◆ WHAT YOU HAVE TO DO:
Only the text of the records below belongs in the answer, copied exactly, with pictures omitted.

◆ RECORD SET:
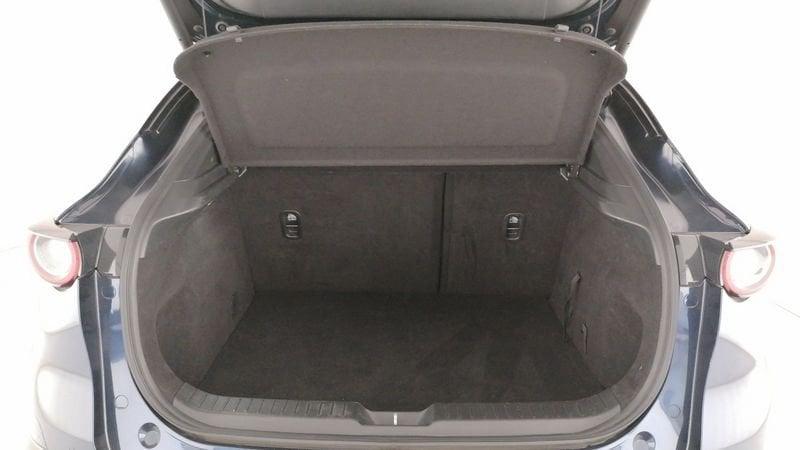 Mazda CX-30 2.0 m-hybrid Exclusive 2wd 122cv 6at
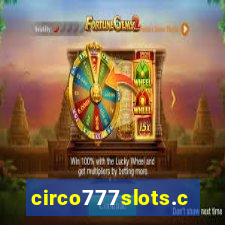 circo777slots.com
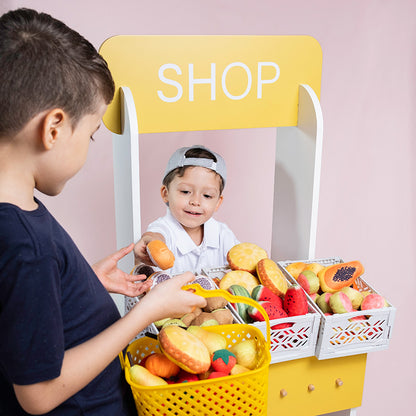  juguetes didácticos para bebés
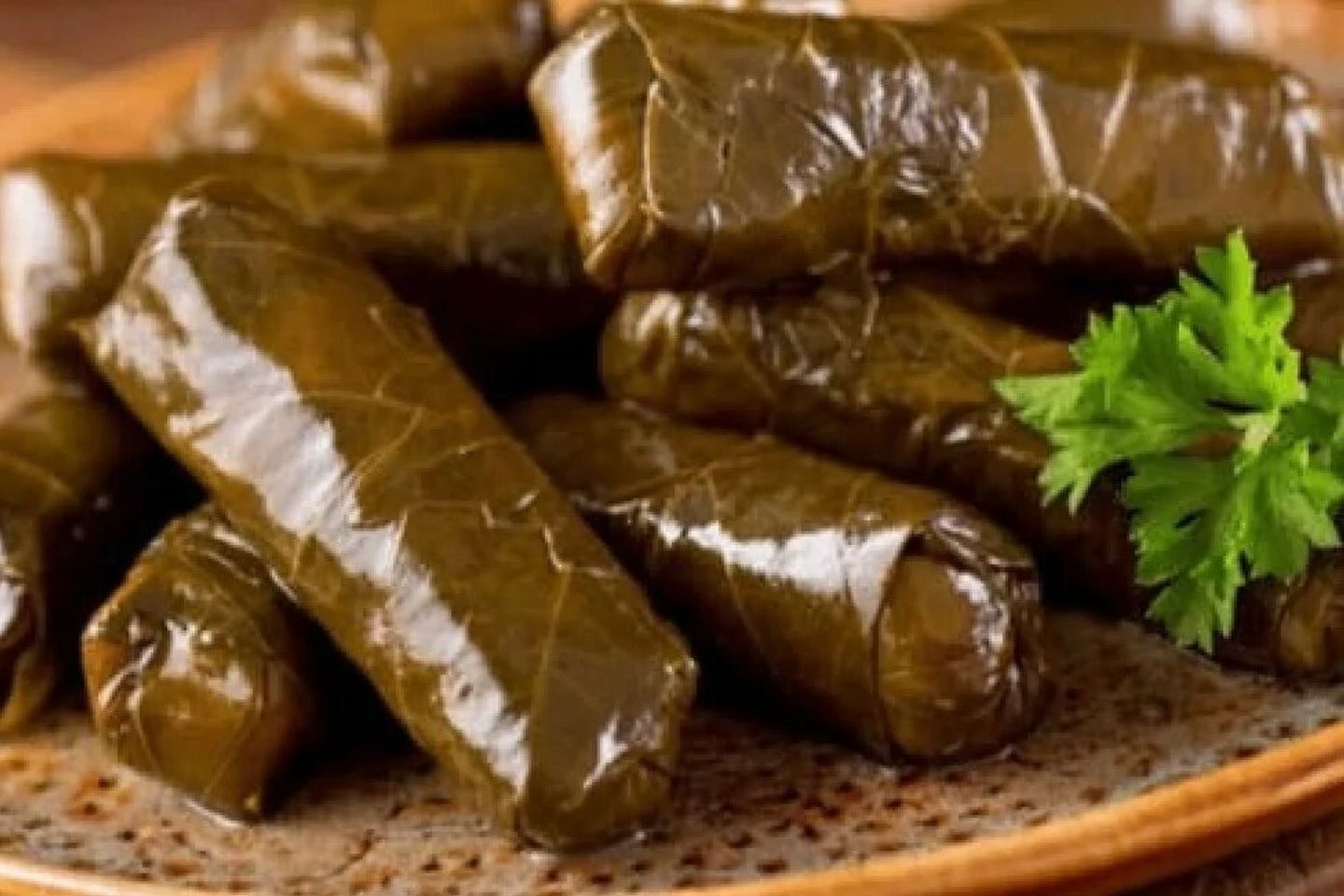 ورق عنب - صغير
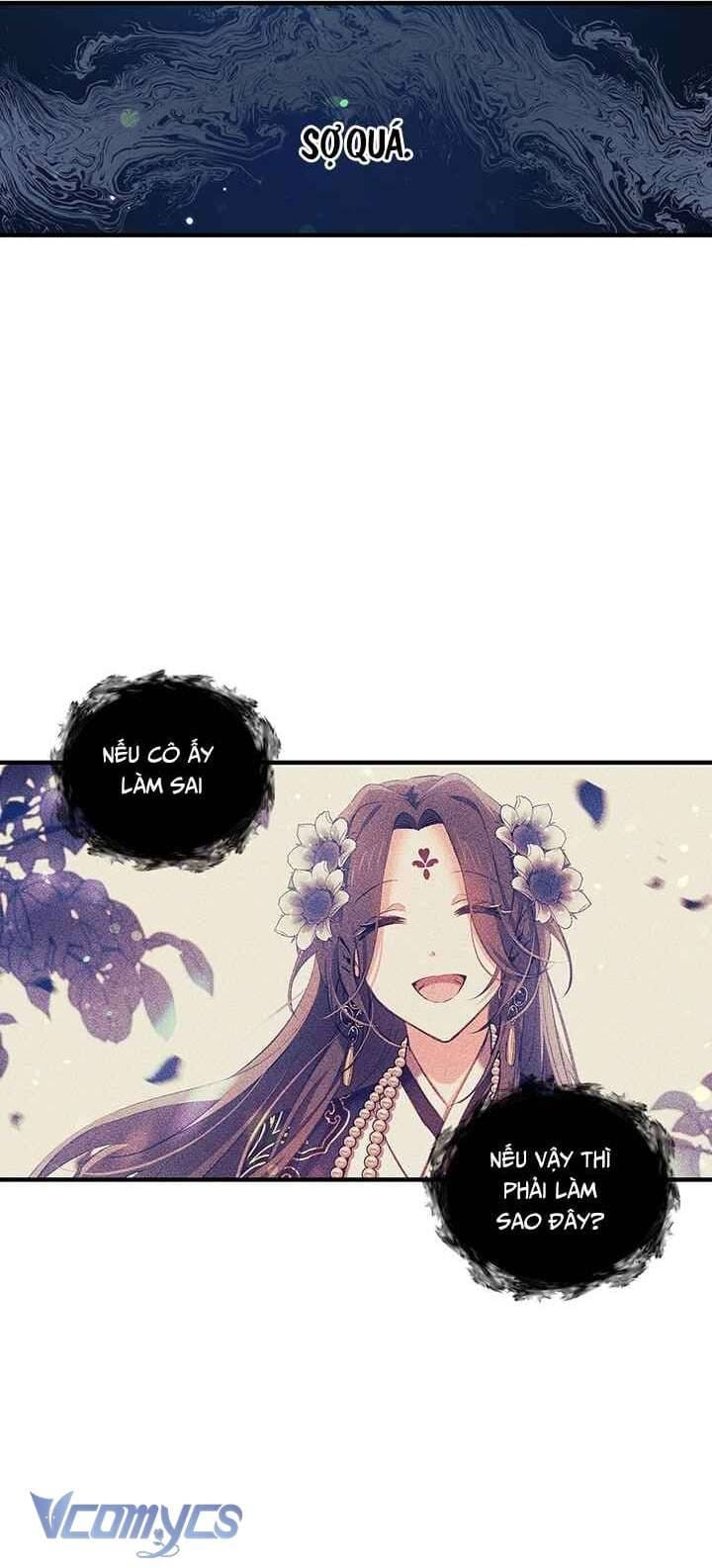 Chú Chim Nhỏ Của Yêu Tinh Chapter 28 - Trang 41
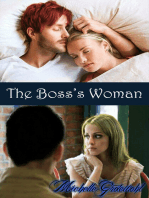 The Boss's Woman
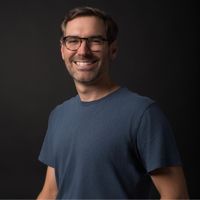 Julian Ward's profile picture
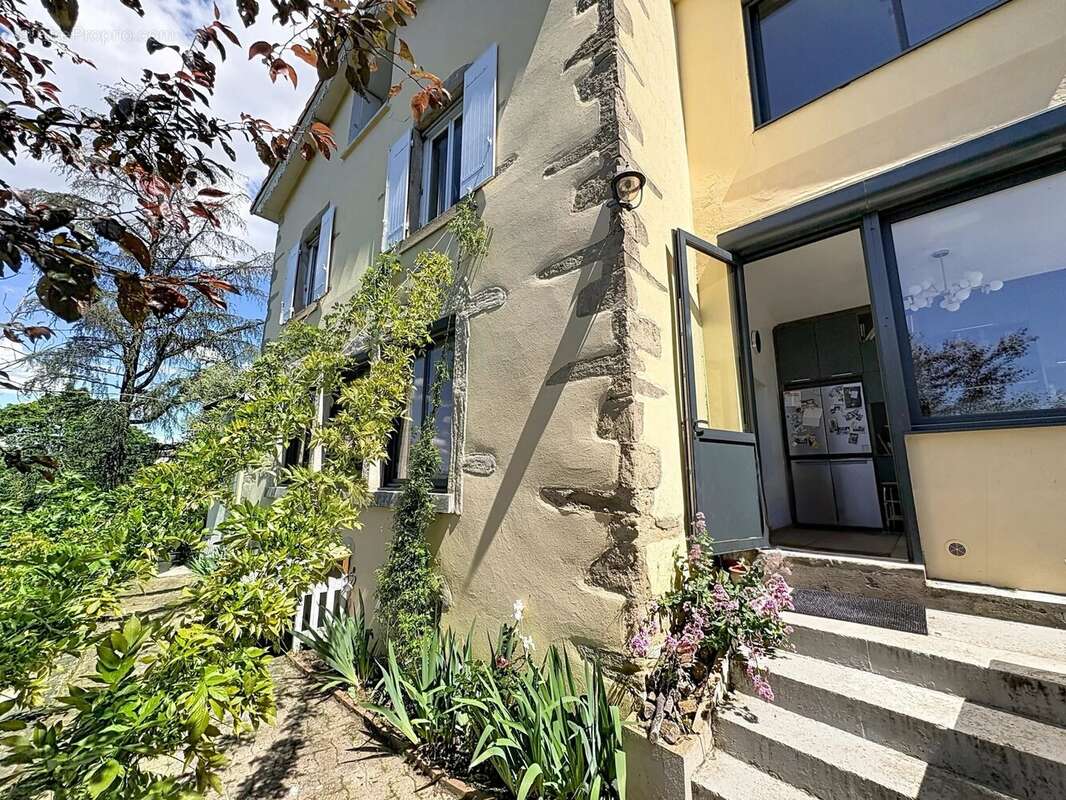 Maison à VIENNE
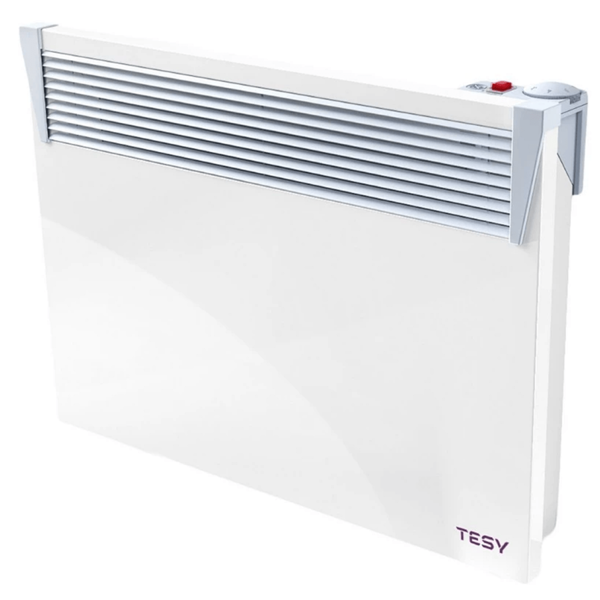 ელექტრო გამათბობელი Tesy 304817 CN 03 200 MIS F, 2000W, 16-24m², Electric Heater, White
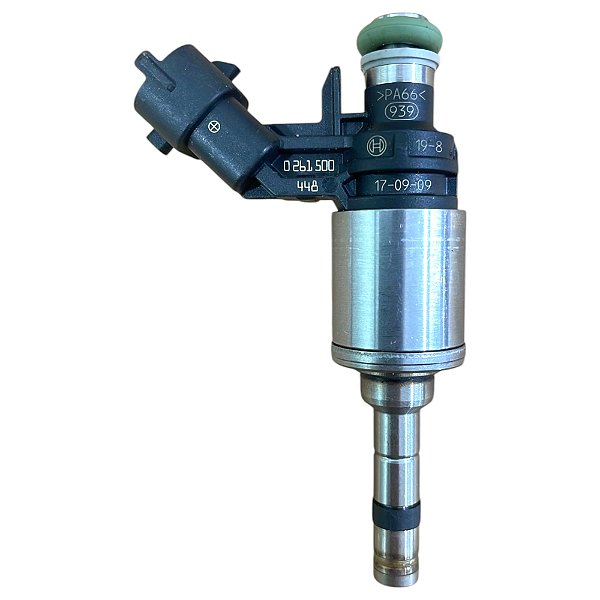 Bico Injetor Combustível Land Rover Range Rover Sport 2.0 Gasolina de 2014 à 2022 0261500448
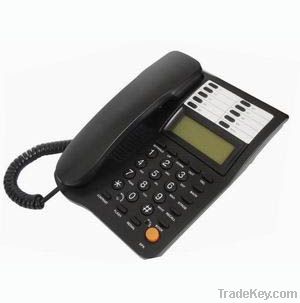 Caller ID Phone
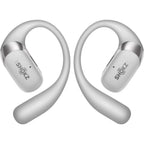 Shokz OpenFit 2+ Open Ear TWS Earbuds (Grey)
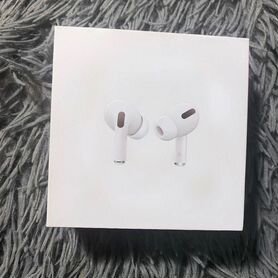 Наушники apple Airpods pro 2 новые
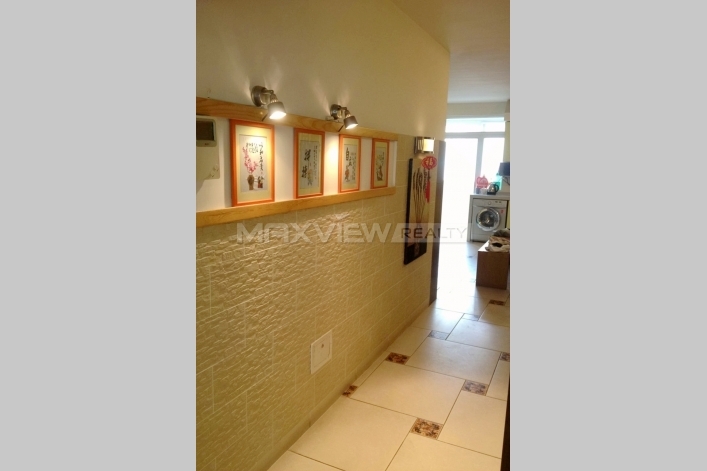  Wen Jin Shi Jia | 文津世家  2bedroom 170sqm ¥31,000 BJ0001264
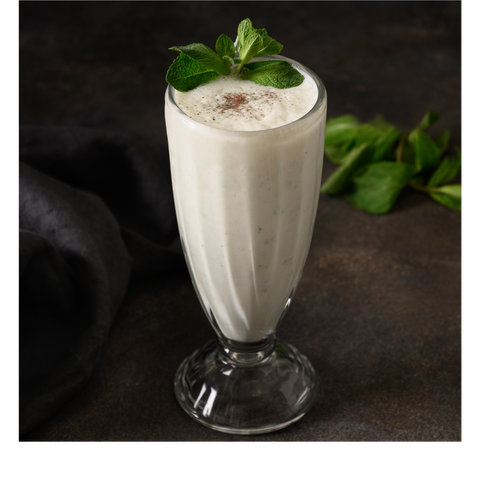 Sweet Lassi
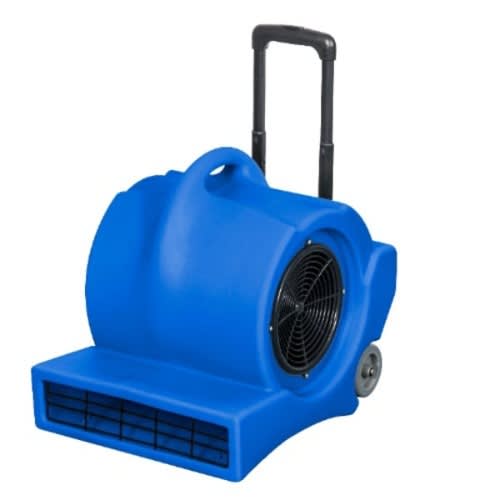 Floor Dryer Blower - 1.2hp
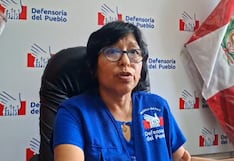 Defensoría alerta por candidato que sería presidente de mesa y amenazas a postulantes en Ica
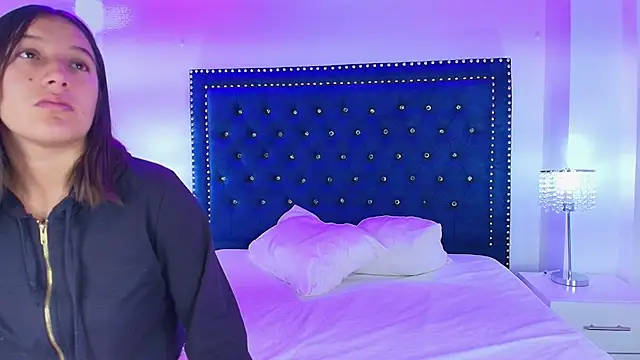 Cristal and luke online show from 03/01/26, 03:28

◆ PROBLEM SOLUTION:
 Mazda CX-30 2.0 m-hybrid Exclusive 2wd 122cv 6at
 circo777slots.com
  juguetes didácticos para bebés
 ورق عنب - صغير
 Chú Chim Nhỏ Của Yêu Tinh Chapter 28 - Trang 41
 The Boss's Woman
 Julian Ward's profile picture
 Maison à VIENNE
 ელექტრო გამათბობელი Tesy 304817 CN 03 200 MIS F, 2000W, 16-24m², Electric Heater, White
 Bico Injetor Combustível Land Rover Range Rover Sport 2.0 Gasolina de 2014 à 2022 0261500448
 Caller ID Phone
 Shokz OpenFit 2+ Open Ear TWS Earbuds (Grey)
 Наушники apple Airpods pro 2 новые
  Wen Jin Shi Jia | 文津世家  2bedroom 170sqm ¥31,000 BJ0001264
 Sweet Lassi
 Floor Dryer Blower - 1.2hp
 Defensoría alerta por candidato que sería presidente de mesa y amenazas a postulantes en Ica
 Cristal and luke online show from 03/01/26, 03:28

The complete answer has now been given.